Falta de direitos, baixos salários,
desemprego, péssimas condições de trabalho é o receituário neoliberal para a
educação, que foi aplicado à risca pelos Estados. E uma das coisas que não
podem faltar nesse receituário é a política de divisão da classe, a qual se
refletiu em nossa categoria. O governo dividiu os professores entre os
efetivos, os estáveis e os professores categoria O, e com as
derrotas da categoria, provocadas pela burocracia sindical da Articulação, que desmoralizou
a categoria docente estadual.
A morte do João questiona a burocracia da APEOESP
João foi demitido, assim como outros
professores que perderam seus empregos e aposentadorias. APEOESP, o maior sindicato
da América Latina, fez absolutamente nada para tais professores demitidos, mas
antes de que caiamos numa lógica antissindical (onde o senso comum prega que
"o sindicato bota o trabalhador na linha de frente, mas na hora do vamos
ver o deixa sozinho’’) temos que discutir o que é a burocratização dentro do
sindicato.
A primeira reunião da diretoria
estadual da APEOESP, após eleições sindicais, foi meramente para discutir os
privilégios dos diretores. A APEOESP virou uma máquina de privilégios em que
grande parte dos diretores têm uma vida totalmente distinta da que vive a
categoria. E quando existem privilégios, é bem comum cairmos na lógica do
‘’deixa cuidar do que é meu’’. E foi isso que aconteceu no caso de João,
enquanto Bebel, o Felício e toda a burocracia estão cuidando "do que é
seu", um professor que fazia parte da categoria e da classe trabalhadora
morreu.
Tal burocratização do sindicato se deve
ao atrelamento do sindicato ao Estado burguês, onde os "dirigentes da
categoria" recebem inúmeros privilégios para servirem de correia de
transmissão da burguesia dentro em meio aos trabalhadores. As reformas dentro
da época imperialista só podem vir através de migalhas para os trabalhadores,
prova disso é a política de bônus para a categoria.

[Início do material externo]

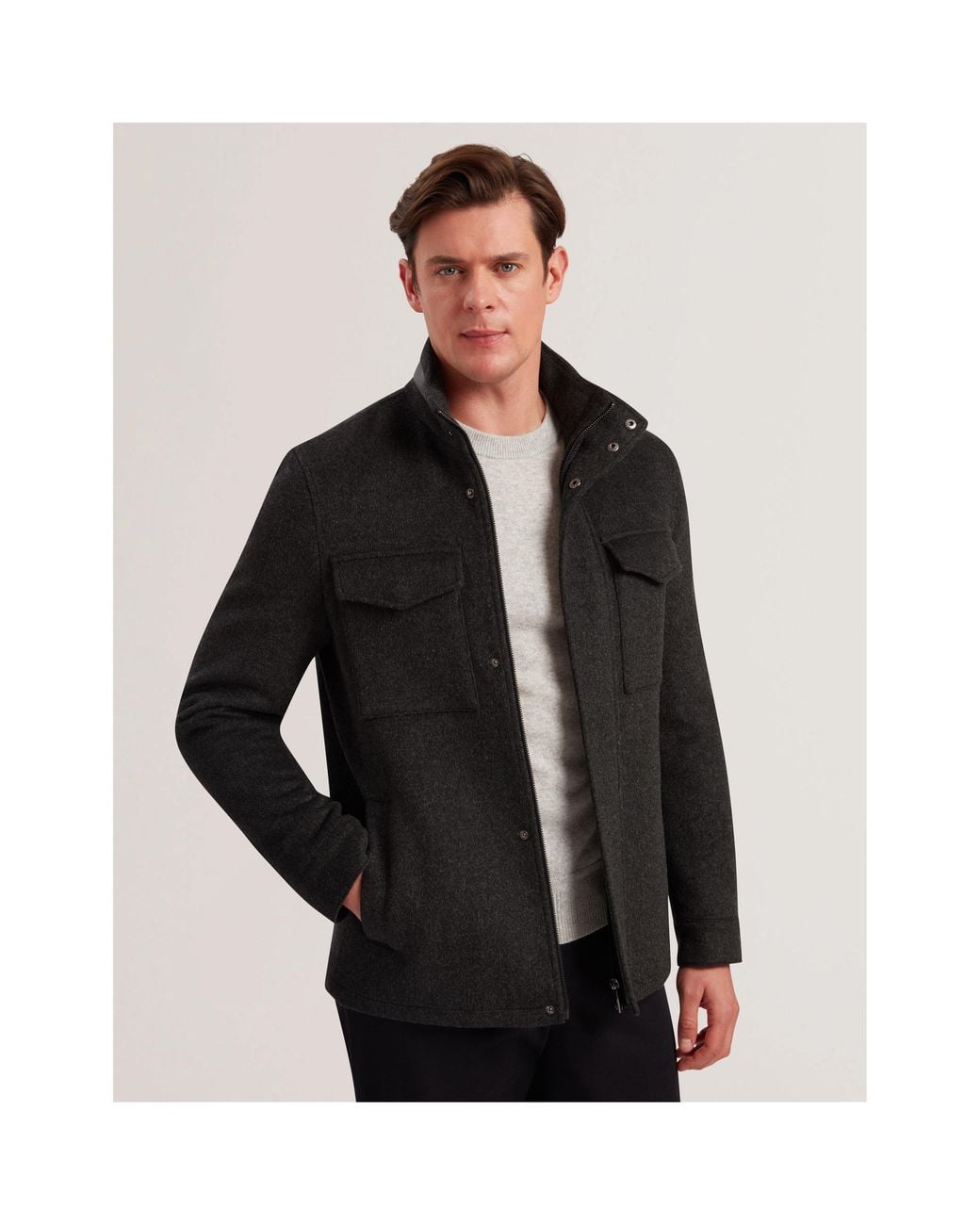 Ted Baker Black Funnel Neck Overcoat for men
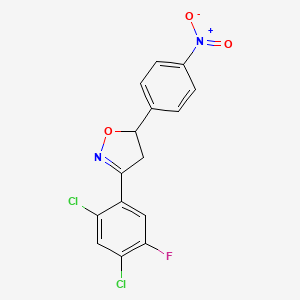 3-(2,4-Dichloro-5-fluorophenyl)-5-(4-nitrophenyl)-4,5-dihydro-1,2-oxazole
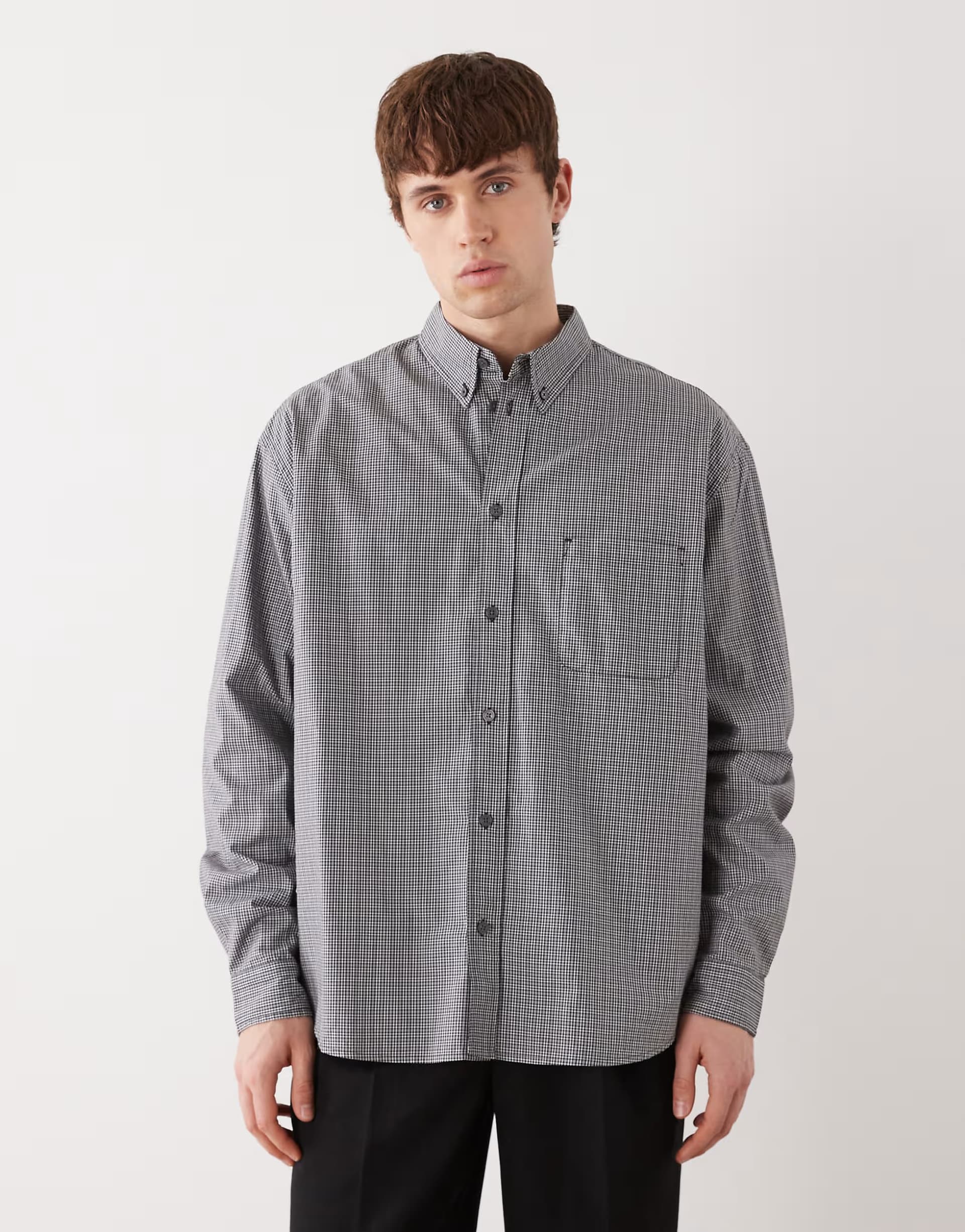 ASOS Weekday loose fit long sleeve shirt in black and beige check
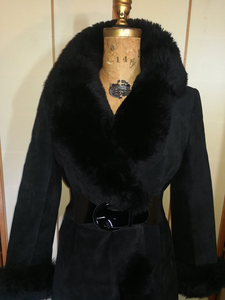 Black Suede 70s Shearling Leather Penny Lane Coat Almost Famous S/M Mid Length Boho Goth Hippy Princess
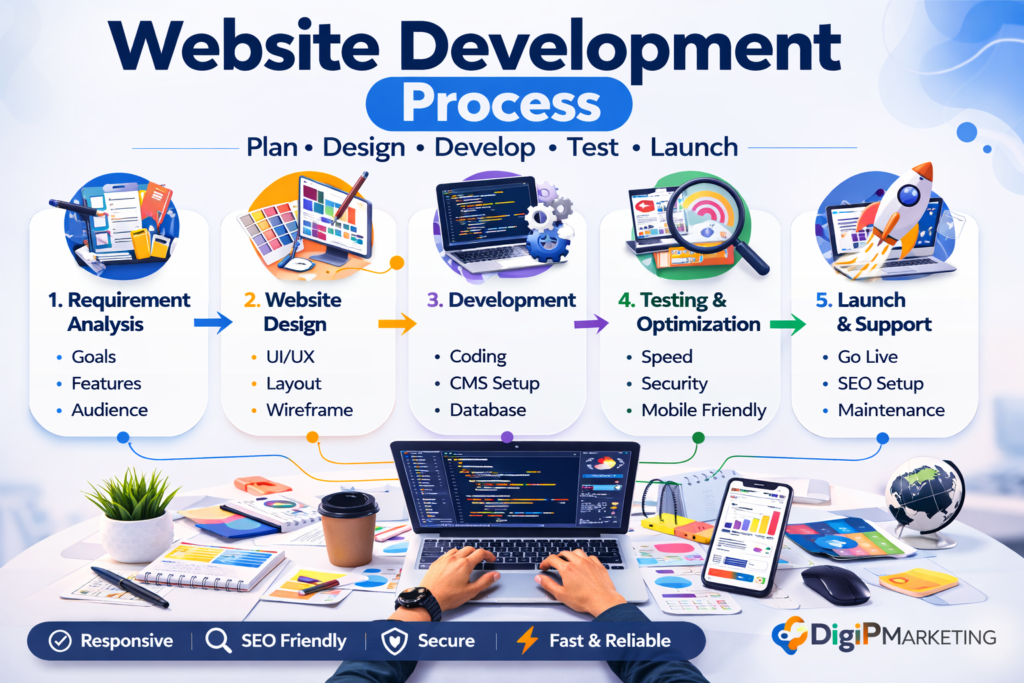 Website development process including planning design development testing and launch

A categoria dos professores
protagonizou uma importante greve em 2000 e o seu principal obstáculo foi a
direção da APEOESP. A partir de então, aconteceu uma imensa desmoralização
dentro da categoria, e os professores passaram a não ter o mesmo poder de
reação como tiveram naquela greve. É preciso que nossa categoria ande em
conjunto com o espírito de junho e dos garis do Rio de Janeiro, o qual mostrou
que a luta é a saída para as mazelas do capitalismo. Mas para isso é preciso
que os professores recuperem a APEOESP e retomem seus métodos de
auto-organização. Assim, conquistaremos nossas demandas e reverteremos essa
situação.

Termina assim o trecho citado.